Hi, would appreciate some feedback about this issue. I’m trying to understand the difference between @threads and @spawn.
I think the former is easy to understand. I have an experiment shuffling cards, many many times. See if royal flush appears. I have supplied --threads=8 in the command line. Thus the following loop processes 8 batches in parallel at any one time. It will finish only when all 20 batches complete.
batches = 20
@threads for i in 1:batches
batch!(...)
end
Indeed, that’s what it does.
But I read about @spawn first before I understand the simpler syntax of @threads. So I had written the loop this way in the beginning:
@sync for i in 1:batches
Threads.@spawn batch!(...)
end
I thought it also does the same thing as above… Are they equivalent? This spawns 20 threads at once. I guess 8 of them will run at any one time. @sync should wait until they all completed.
Apparently performance-wise they are not the same. The second one doesn’t behave like the first. I can see in “top” the julia process started with 800% cpu (correct… 8 threads).
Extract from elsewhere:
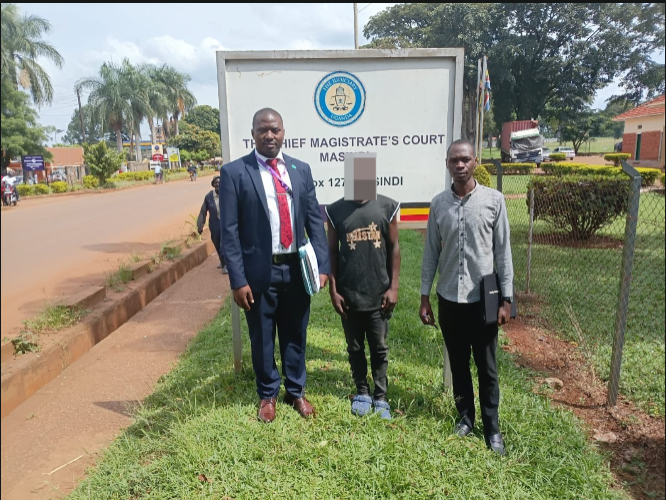 LDC_Uganda's tweet photo. LAC Masindi on 22nd September 2026 represented 1 juvenile offender before Masindi Chief Magistrates court on a charge of illegal entry into Murchison falls national Park, the case was found against the JO on a plea of guilty and sentenced to a caution. https://t.co/7zsOlt86BZ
But after completing two batches, CPU dropped down to 400%… then after a much longer time a couple more batches completed. Then CPU dropped down to 200%. Eventually CPU dropped down to 100% without any more batch completion. It’s obviously not what I intended. And the experiment ran too long I had to Ctrl-C it.
How come?
Thanks
Happy to supply source code (about 100 lines). Let me know if anyone wants to see it.